Do we have good reasons to worry about the ultimate human-like machine we are developing, and will it very soon prove us severely mistaken? Or, in other words, is humankind on the verge of a struggle for control versus man-made machines, which are beginning to form their own independent thoughts?
500 years have passed since the Jewish folklore tales about the Golem of Prague, an anthropomorphic being created of clay and brought to life through Cabbalistic name phrases, and the contemporary man made Golem, and yet, the passage from myth to reality has changed nothing. The Golem has remained an unsolved riddle, the answer to which is encrypted in the future.
The Golem, who according to tradition was created by Judah Loew ben Bezalel (the Maharal), a 16 the century Rabbi of Prague, to defend the Jewish community from anti-Semitic pogroms, was a feeble minded person, who could become violent and turn against his creator. In fact, it is a tale about the oldest robot in history, reflecting the fear of loss of control over this anthropomorphic artificial creature.
Do we have good reasons to worry about the ultimate human-like machine we are developing, and will it very soon prove us severely mistaken? Or, in other words, is humankind on the verge of a struggle for control versus man-made machines, which are beginning to form their own independent thoughts, as described in Samuel Butler’s book, as early as 1863, "Darwin Among Machines"?
It seems that as we face the question of the future of the world and its human population, it is critical that we plan the future of the coming generations, with due care and fear and with anticipation of the catastrophes that we might bring upon ourselves. This needs to be said with due caution, in particularly regarding the present reality and in accordance with the prophetic doctrine of the architect, artist and philosopher, Yona Friedman, who stimulates us to think differently.

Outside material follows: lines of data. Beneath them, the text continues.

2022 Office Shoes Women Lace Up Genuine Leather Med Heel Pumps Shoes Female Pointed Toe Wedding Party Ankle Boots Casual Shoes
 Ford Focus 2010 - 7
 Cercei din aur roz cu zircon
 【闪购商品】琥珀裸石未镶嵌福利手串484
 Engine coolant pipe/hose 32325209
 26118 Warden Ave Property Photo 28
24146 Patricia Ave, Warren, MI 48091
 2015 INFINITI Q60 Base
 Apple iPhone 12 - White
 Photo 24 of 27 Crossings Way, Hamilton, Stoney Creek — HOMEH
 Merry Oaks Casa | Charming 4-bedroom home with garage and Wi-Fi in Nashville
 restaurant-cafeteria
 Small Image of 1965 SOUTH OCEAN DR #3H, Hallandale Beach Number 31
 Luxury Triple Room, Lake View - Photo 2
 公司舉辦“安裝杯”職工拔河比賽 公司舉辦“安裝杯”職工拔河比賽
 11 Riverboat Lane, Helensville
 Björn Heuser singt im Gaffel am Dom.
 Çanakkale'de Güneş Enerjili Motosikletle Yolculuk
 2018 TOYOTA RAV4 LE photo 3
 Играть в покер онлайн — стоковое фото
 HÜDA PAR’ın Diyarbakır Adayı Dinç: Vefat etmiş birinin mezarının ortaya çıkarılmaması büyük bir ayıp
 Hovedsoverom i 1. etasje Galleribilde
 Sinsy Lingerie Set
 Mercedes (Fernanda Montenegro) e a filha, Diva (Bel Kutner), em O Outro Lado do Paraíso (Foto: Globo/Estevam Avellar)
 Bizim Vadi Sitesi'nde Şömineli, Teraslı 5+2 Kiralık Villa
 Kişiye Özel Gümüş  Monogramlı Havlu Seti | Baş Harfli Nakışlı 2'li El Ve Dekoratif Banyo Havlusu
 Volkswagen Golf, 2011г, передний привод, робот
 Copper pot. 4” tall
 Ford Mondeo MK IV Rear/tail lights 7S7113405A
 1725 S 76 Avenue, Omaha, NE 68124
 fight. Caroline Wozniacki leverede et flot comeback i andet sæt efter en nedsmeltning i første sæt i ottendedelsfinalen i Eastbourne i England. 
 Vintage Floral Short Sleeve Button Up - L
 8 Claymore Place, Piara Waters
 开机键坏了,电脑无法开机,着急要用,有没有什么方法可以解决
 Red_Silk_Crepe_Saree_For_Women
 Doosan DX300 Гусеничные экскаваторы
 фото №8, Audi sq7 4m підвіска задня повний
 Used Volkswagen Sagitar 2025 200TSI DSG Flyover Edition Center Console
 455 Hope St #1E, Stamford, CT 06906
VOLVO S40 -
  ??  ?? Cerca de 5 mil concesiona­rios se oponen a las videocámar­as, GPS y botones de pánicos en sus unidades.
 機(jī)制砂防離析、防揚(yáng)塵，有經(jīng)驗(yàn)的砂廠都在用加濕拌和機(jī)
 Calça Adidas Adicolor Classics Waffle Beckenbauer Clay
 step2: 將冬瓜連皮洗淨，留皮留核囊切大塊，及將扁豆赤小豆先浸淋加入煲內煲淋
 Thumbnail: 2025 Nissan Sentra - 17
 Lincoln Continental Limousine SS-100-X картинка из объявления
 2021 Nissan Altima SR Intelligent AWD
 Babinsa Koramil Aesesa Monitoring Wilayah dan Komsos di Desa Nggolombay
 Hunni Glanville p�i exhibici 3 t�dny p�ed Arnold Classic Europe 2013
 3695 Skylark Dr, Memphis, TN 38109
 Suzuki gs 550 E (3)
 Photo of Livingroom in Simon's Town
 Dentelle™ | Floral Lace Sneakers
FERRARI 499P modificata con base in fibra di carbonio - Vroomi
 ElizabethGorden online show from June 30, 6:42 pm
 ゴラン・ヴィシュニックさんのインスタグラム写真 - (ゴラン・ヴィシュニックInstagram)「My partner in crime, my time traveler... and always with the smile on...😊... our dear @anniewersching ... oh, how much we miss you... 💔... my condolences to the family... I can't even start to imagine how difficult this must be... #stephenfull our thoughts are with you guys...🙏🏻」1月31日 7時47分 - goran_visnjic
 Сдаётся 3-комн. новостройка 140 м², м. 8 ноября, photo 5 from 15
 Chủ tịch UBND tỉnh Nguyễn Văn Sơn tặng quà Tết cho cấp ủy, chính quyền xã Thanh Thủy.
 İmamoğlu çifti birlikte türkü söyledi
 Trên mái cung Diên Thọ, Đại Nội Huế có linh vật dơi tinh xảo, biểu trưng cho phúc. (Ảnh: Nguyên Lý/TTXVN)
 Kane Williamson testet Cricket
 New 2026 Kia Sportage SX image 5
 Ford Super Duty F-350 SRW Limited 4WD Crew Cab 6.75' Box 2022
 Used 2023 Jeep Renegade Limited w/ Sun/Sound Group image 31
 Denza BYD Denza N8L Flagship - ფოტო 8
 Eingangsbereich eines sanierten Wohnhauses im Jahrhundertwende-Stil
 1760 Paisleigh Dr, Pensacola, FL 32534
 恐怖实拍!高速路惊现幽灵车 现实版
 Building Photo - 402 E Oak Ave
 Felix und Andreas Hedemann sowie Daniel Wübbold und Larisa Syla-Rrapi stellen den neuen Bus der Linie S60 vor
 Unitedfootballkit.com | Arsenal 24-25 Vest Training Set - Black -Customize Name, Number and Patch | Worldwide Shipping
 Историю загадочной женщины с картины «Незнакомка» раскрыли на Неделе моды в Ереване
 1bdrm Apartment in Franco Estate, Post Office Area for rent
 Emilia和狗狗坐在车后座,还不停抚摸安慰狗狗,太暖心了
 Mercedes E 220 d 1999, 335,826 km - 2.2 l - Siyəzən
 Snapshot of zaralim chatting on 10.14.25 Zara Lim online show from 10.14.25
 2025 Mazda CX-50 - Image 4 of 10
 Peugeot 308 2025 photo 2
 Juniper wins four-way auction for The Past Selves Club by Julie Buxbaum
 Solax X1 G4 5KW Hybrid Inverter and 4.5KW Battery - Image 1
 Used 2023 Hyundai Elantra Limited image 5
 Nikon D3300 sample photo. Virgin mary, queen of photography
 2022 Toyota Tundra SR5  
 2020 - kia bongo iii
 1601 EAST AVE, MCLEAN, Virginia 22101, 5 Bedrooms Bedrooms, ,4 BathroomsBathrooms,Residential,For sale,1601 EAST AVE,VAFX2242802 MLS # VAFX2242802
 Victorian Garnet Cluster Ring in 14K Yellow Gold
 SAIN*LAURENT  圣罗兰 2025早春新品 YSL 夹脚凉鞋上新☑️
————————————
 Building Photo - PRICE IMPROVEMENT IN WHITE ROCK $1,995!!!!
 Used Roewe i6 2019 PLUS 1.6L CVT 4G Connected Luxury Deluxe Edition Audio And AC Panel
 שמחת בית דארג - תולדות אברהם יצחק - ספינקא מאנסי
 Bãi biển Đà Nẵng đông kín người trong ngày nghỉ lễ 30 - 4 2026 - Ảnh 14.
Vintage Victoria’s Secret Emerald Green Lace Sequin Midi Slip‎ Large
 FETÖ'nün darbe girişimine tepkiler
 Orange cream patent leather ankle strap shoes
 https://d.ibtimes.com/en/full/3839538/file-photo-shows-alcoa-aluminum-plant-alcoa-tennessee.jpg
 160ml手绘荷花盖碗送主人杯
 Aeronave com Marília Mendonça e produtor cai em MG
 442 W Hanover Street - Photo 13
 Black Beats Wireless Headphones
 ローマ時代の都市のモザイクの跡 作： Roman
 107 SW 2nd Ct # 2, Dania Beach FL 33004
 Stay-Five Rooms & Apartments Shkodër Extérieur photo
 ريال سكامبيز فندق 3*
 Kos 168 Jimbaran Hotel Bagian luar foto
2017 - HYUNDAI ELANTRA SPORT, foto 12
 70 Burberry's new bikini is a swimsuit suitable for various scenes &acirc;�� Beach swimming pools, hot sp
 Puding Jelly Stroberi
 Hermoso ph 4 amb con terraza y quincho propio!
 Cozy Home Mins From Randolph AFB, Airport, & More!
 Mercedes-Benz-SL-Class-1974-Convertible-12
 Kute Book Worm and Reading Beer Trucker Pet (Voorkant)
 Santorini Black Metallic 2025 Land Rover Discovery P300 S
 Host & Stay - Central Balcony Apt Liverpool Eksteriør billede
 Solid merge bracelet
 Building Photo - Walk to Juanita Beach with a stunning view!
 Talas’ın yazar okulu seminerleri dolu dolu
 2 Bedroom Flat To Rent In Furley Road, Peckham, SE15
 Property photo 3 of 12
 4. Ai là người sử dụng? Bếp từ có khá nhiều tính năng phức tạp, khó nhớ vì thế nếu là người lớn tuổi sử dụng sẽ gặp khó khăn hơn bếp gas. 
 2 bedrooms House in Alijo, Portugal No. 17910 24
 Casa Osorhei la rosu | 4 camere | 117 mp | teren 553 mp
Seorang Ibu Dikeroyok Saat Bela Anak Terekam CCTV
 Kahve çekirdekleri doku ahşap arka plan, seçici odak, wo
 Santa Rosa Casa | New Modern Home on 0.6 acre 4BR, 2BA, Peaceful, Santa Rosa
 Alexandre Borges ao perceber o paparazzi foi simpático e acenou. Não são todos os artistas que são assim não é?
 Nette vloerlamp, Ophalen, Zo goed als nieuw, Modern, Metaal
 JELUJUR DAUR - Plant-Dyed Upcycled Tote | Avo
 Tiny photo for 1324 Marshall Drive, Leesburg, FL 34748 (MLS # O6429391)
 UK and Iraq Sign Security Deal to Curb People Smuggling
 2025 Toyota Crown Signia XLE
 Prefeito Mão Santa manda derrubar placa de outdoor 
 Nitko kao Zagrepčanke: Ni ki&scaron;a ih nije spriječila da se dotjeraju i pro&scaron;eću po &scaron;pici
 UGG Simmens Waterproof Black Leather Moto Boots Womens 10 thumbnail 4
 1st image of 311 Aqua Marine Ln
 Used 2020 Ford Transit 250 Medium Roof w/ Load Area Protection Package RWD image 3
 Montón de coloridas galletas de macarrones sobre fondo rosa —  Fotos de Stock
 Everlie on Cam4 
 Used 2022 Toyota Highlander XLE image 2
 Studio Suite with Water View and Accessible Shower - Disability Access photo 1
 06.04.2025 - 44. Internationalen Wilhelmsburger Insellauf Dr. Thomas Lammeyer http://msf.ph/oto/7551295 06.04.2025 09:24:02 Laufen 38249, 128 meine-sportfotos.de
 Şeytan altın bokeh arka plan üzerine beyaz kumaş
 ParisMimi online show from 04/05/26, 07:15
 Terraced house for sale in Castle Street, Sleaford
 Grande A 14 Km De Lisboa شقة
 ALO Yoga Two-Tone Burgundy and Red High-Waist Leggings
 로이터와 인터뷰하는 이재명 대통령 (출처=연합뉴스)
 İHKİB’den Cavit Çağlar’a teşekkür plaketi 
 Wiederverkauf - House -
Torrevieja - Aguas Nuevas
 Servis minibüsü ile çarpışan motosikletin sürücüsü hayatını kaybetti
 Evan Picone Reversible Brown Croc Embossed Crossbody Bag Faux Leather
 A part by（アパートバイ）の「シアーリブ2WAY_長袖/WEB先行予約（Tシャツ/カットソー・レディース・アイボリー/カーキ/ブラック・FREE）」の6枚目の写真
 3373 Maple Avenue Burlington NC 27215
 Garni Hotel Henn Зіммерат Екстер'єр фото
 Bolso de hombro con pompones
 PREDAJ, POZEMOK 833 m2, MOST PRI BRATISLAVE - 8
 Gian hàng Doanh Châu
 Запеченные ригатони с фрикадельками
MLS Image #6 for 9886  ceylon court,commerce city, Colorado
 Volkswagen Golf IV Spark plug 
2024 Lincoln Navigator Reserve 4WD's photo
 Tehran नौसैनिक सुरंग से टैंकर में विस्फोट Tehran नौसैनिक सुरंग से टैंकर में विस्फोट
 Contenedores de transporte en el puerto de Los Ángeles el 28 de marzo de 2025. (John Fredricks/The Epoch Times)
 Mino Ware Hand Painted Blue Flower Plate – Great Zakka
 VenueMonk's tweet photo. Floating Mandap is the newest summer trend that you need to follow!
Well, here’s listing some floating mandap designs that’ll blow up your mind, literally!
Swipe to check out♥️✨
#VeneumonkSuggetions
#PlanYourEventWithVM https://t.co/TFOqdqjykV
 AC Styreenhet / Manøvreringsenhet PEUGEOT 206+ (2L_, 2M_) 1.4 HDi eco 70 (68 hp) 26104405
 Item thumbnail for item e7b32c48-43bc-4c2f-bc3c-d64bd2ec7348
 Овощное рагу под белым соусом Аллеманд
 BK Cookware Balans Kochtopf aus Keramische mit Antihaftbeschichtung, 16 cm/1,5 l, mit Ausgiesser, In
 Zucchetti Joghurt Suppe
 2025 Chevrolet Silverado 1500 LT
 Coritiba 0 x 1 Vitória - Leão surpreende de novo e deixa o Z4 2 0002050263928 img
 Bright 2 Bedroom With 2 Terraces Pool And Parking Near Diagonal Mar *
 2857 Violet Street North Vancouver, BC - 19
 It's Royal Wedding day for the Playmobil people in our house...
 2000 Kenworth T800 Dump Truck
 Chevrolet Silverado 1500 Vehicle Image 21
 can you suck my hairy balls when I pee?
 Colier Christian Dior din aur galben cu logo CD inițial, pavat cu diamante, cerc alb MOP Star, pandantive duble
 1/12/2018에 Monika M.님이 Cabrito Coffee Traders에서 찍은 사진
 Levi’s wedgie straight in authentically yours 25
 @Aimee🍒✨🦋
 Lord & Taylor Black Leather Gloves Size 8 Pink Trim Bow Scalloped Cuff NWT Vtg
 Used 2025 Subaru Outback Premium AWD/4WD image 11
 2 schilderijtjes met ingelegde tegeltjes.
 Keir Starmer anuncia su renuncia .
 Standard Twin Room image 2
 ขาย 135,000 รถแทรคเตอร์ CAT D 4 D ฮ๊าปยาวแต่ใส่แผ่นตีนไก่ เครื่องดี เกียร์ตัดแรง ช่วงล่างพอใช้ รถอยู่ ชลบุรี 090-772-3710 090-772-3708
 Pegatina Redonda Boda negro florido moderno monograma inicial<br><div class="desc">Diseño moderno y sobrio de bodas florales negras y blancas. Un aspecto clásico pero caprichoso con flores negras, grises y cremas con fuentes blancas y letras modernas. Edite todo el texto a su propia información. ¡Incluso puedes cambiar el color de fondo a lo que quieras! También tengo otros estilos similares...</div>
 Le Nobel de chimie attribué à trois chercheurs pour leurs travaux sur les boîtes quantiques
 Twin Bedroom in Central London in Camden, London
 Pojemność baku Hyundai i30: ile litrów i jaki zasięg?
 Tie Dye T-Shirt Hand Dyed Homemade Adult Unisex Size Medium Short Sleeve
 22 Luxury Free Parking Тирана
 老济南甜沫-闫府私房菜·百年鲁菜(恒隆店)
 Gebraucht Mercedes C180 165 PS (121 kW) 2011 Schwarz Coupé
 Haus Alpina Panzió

In an interview to the British magazine “BluePrint”, Friedman offered his own explanation to the current global crisis, amongst others stating that the situation is in fact a result of over-planning. “Planning means taking into account every event ahead of time”, he said, “except the unpredictable event. But sometimes the unpredictable occurs. It is not a result of mistaken planning. The mistake was in the actual attempt to plan something that is unplannable.”